Nach dem bisherigen veralteten ICD-Diagnoseschlüssel (ICD-10) wird die Trans*-Eigenschaft als Störung der Geschlechtsidentität (psychisch krank oder verhaltensgestört) bezeichnet. Der Begriff „Geschlechtsidentitätsstörung“ wird von vielen Trans*-Organisationen als unwissenschaftlich und unbewiesene Erfindung aus der Psychoanalyse kritisiert. Demnach würden wissenschaftliche Erkenntnisse vernachlässigt, nach denen weder Geschlechtschromosomen noch Genitalien eines Menschen eine eindeutige Aussage über das eigentliche Geburtsgeschlecht eines Menschen machen können. Da das biologische Geschlecht sehr komplex sei, sei die Darstellung der Psychoanalyse, nach der die Psyche von Trans*-Personen von einem „biologischen Geschlecht“ abweiche nicht haltbar. Ebenso wird die daraus resultierende Abwertung der Transidentität als psychische Störung kritisiert. Kritiker sehen den Begriff „Geschlechtsidentitätsstörung“ zudem als Hauptauslöser für weltweite Transphobie, Diskriminierungen und Menschenrechtsverletzungen. Hier wird vor allen auf die Gefahr verwiesen, dass viele Staaten in ihrer Gesetzgebung unwissenschaftliche Geschlechterklischees übernehmen, die indirekt oder direkt mit ideologischen Begriffen wie der Geschlechtsidentitätsstörung oder Geschlechtsumwandlung in Verbindung zu bringen sind. Aus eigener Beobachtung des Gendertreff e.V. lässt sich konstatieren, dass sich Trans*-Menschen in ihrer eigenen Wahrnehmung nicht als psychisch krank oder verhaltensgestört empfinden. Die Einordnung in das ICD-Diagnosesystem (ICD-10) unter das Kapitel „Psychische und Verhaltensstörungen“ (F00-F99) bzw. die Rubrik „Persönlichkeits- und Verhaltensstörungen“ (F60-F69) erscheint insofern problematisch.

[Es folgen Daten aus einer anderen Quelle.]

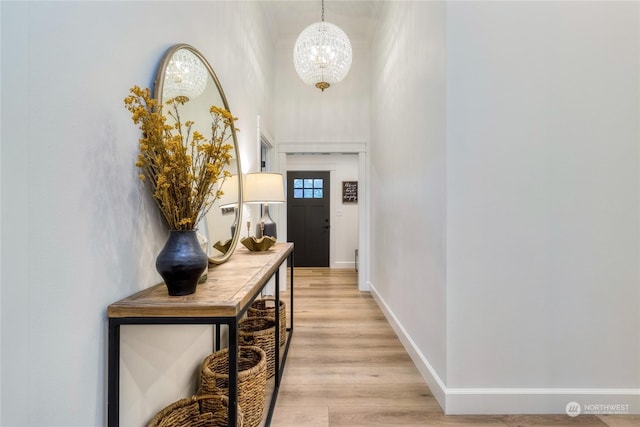 entryway featuring light hardwood / wood-style flooring and a chandelier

2018 veröffentlichte die Weltgesundheitsorganisation (WHO) das ICD-11. Das ICD-11 wurde 2019 durch die Weltgesundheitsversammlung (World Health Assembly, WHA) verabschiedet. Seit Januar 2022 ist nun auch der ICD-11 in Deutschland maßgebend. Eine für transidente Menschen neue Abteilung beschäftigt sich mit Störungen der sexuellen Gesundheit. Dazu gehören neben Libido- und anderen sexuellen Funktionsstörungen auch Geschlechtsidentitätsstörungen, die bisher unter den mentalen Störungen eingeordnet wurden, was nicht mehr zeitgemäß ist. Das bedeutet, dass die Transidentität nicht mehr als psychische Störung angesehen wird sondern als „Geschlechtsinkongruenz“ (Nichtübereinstimmung oder Nichtzusammenpassend).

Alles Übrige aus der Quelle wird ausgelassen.